- Assignment
Could you reproduce, word for word, everything below from the line containing "Space Cookies Auto - Delicious Seeds" down to the line containing "Зоя Перепелица | Павлоград", with both of those lines included and no others?

[[ Exercise materials, beginning ]]

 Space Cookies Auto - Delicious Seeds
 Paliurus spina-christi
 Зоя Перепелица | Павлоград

[[ Exercise materials, end ]]
[[ Exercise materials, beginning ]]

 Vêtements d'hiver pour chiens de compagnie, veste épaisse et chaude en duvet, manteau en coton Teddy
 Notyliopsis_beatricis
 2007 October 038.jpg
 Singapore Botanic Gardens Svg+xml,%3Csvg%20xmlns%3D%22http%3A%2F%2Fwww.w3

[[ Exercise materials, end ]]

- Answer box
 Space Cookies Auto - Delicious Seeds
 Paliurus spina-christi
 Зоя Перепелица | Павлоград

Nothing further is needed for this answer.